-- Records provided follows --
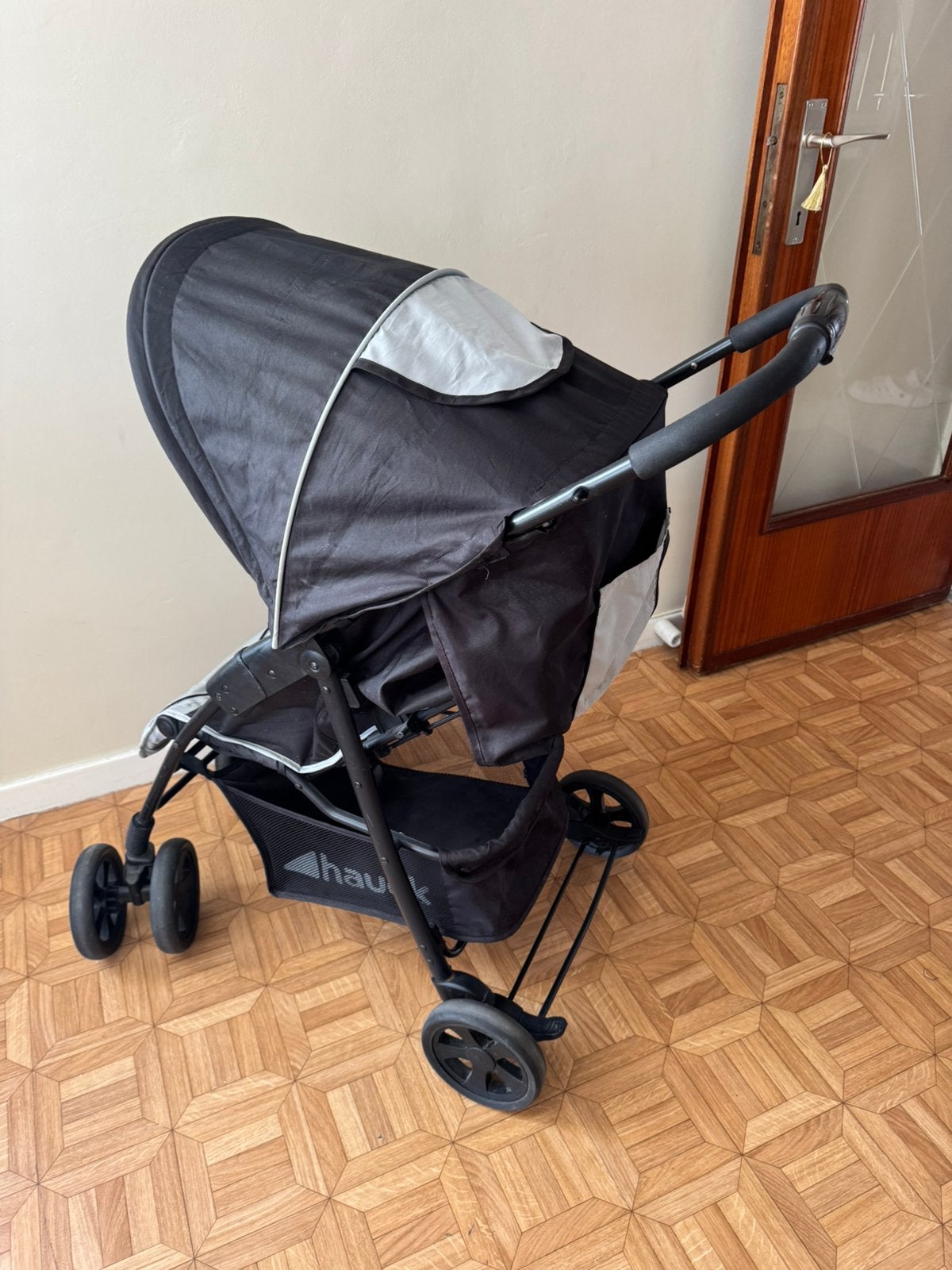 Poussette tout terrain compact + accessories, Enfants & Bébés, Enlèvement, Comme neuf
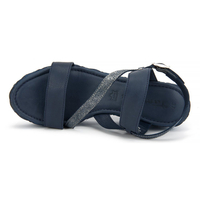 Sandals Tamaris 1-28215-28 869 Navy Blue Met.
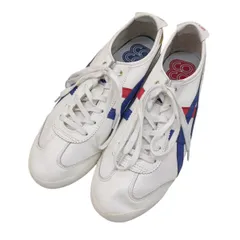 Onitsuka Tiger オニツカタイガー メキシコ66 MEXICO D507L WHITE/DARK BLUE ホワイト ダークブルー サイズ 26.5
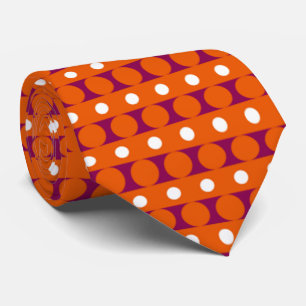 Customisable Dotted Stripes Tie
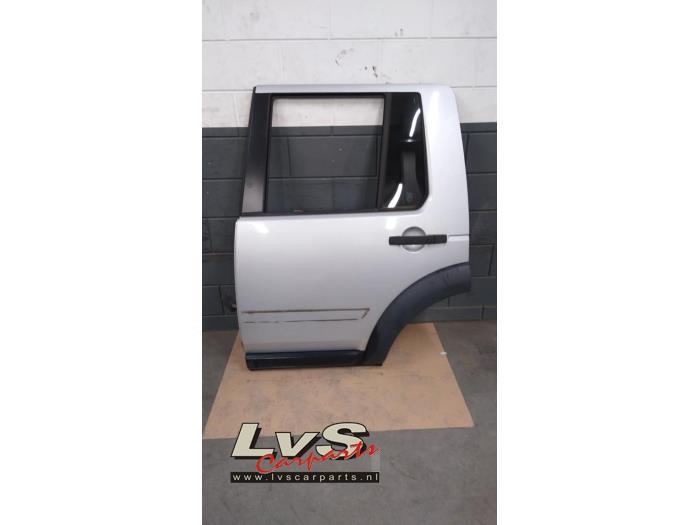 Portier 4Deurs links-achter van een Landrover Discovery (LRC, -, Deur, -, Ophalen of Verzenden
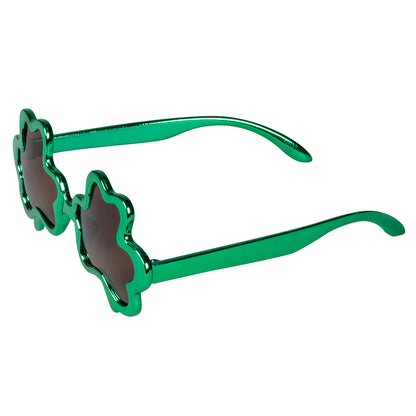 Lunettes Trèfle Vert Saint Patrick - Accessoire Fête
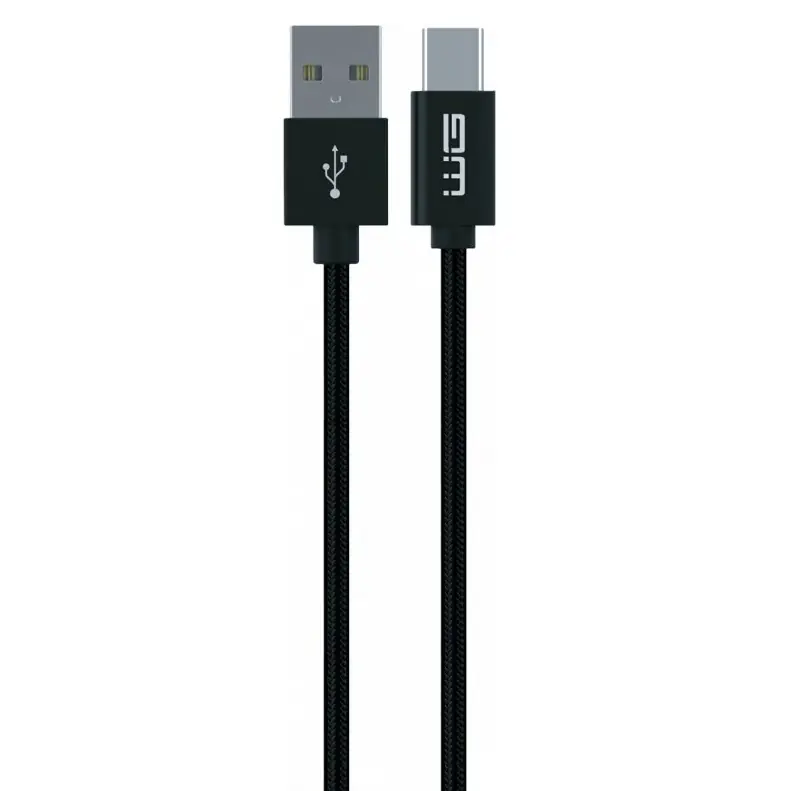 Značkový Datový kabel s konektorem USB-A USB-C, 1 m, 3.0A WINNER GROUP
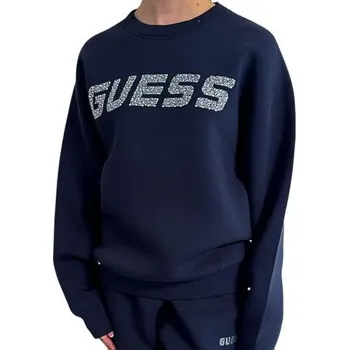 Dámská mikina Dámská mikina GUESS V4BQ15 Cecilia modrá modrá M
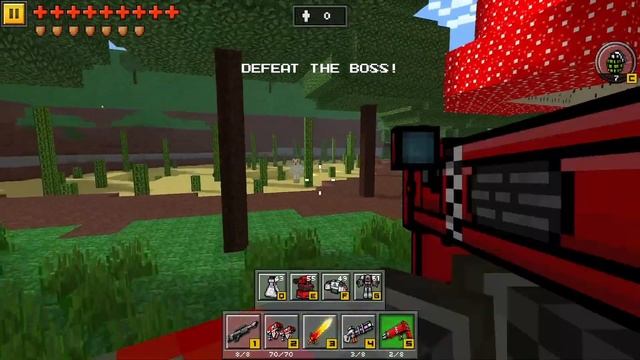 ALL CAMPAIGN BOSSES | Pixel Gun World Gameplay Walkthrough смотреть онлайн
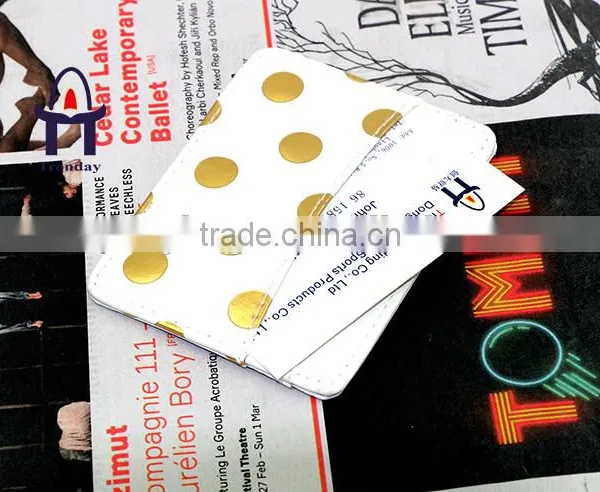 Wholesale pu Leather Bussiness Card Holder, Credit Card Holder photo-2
-- Records provided concluded --
-- Records provided follows --
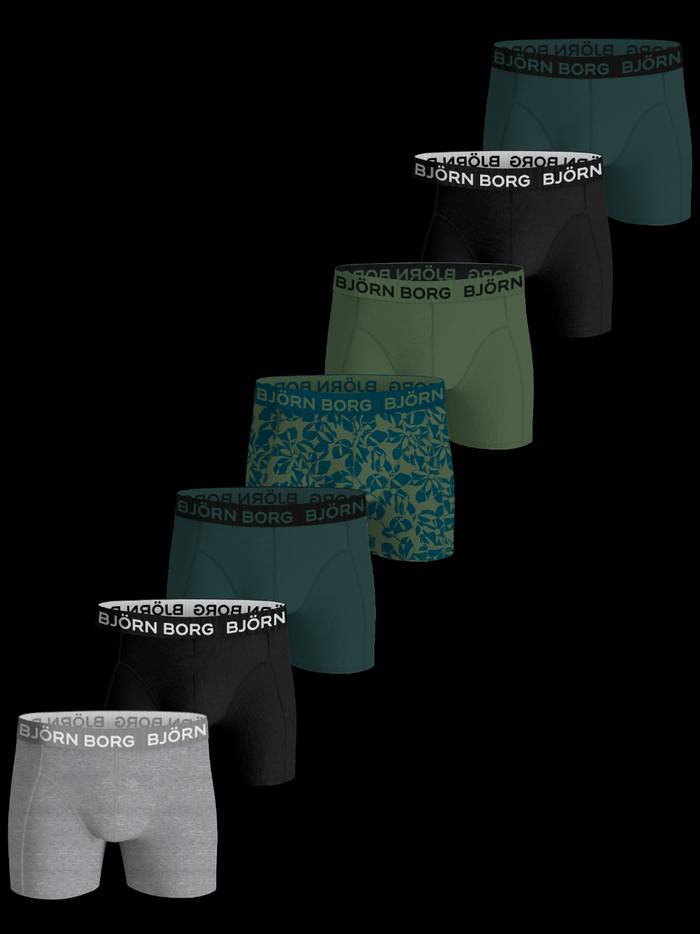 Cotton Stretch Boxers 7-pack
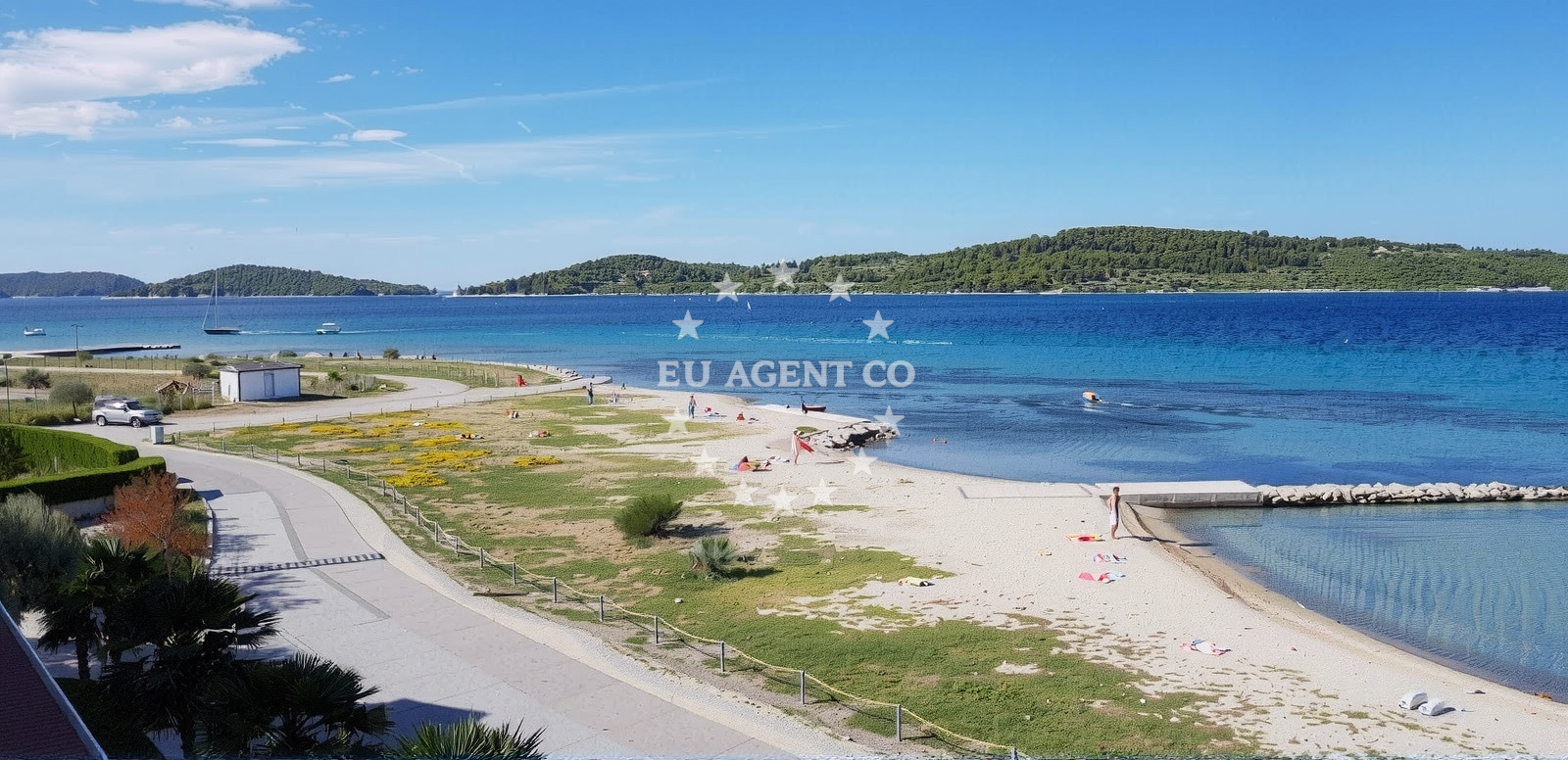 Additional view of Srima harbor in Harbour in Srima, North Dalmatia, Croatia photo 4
-- Records provided concluded --
**Work item:**
Within the listing above, the stretch from the line with "Poussette tout terrain" down to the line with "Portier 4Deurs links-achter" is to be given again exactly, end lines included and pictures excluded.

**Answer area:**
 Poussette tout terrain compact + accessories, Enfants & Bébés, Enlèvement, Comme neuf
 Sandals Tamaris 1-28215-28 869 Navy Blue Met.
 Onitsuka Tiger オニツカタイガー メキシコ66 MEXICO D507L WHITE/DARK BLUE ホワイト ダークブルー サイズ 26.5
 Customisable Dotted Stripes Tie
 Portier 4Deurs links-achter van een Landrover Discovery (LRC, -, Deur, -, Ophalen of Verzenden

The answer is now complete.